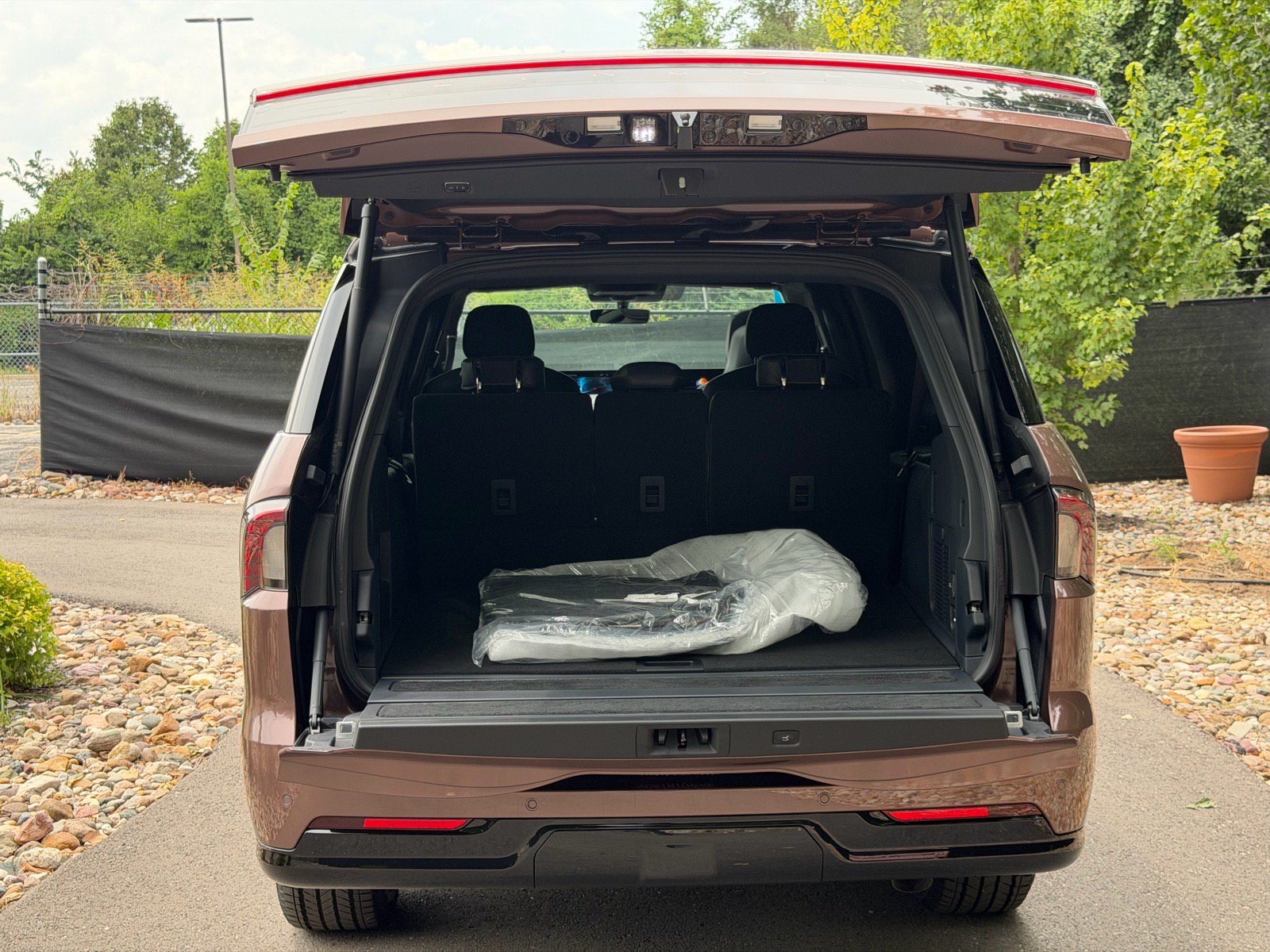 New 2027 Lincoln Navigator L Black Label AWD/4WD image 17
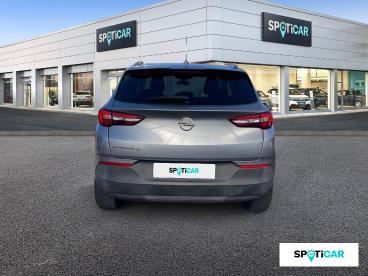 SPOTICAR Opel Grandland X 1.2 Turbo 130 Ch Edition Occasion - Suv-4x4 Essence Noir - Noidans Les Vesoul - 1203970030_5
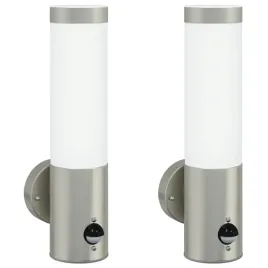 zewnetrzne-oswietlenie-scienne-2-pcs-srebrny-12-x-7-5-x-29-cm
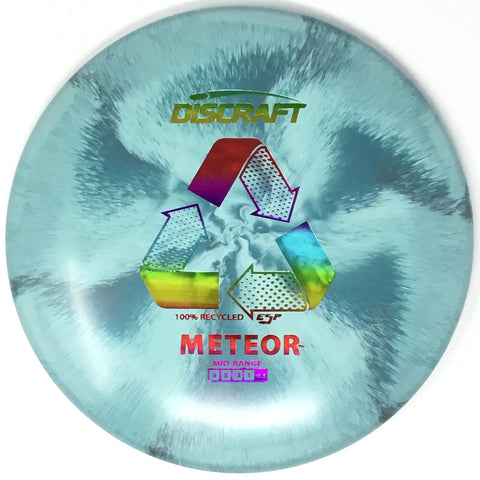 Meteor (100% Recycled ESP)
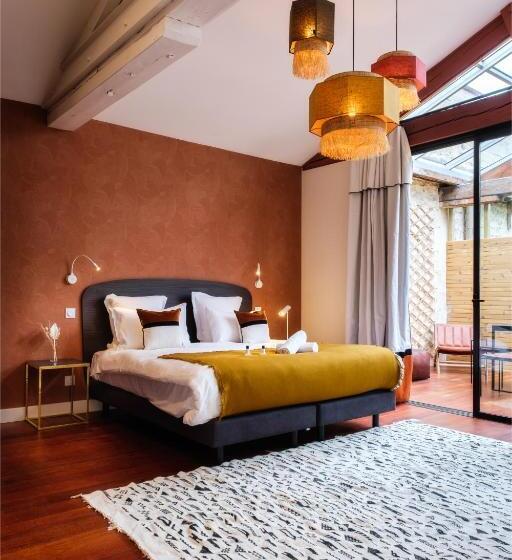 اتاق استاندارد اینتریور, Volubilis Luxury Guest House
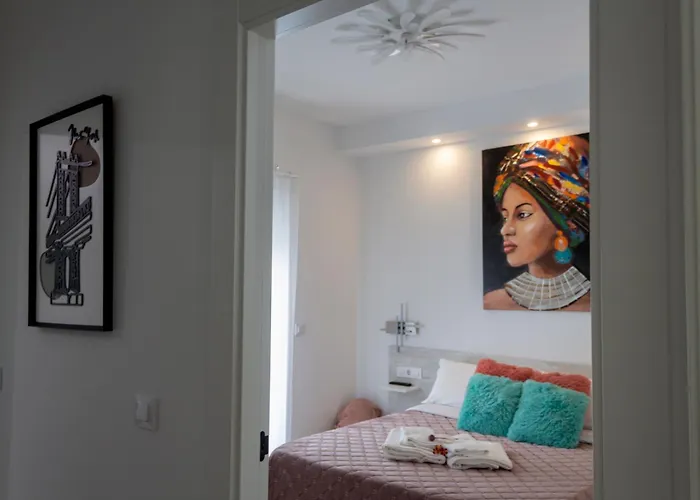 Tres Torres Turistico Lejlighed Almoharin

ABOUT THIS EXERCISE:
The result should be an exact repetition of all the records. Drop the pictures.

SOLUTION:
 New 2027 Lincoln Navigator L Black Label AWD/4WD image 17
 SPOTICAR Opel Grandland X 1.2 Turbo 130 Ch Edition Occasion - Suv-4x4 Essence Noir - Noidans Les Vesoul - 1203970030_5
 zewnetrzne-oswietlenie-scienne-2-pcs-srebrny-12-x-7-5-x-29-cm
 Meteor (100% Recycled ESP)
 اتاق استاندارد اینتریور, Volubilis Luxury Guest House
 Tres Torres Turistico Lejlighed Almoharin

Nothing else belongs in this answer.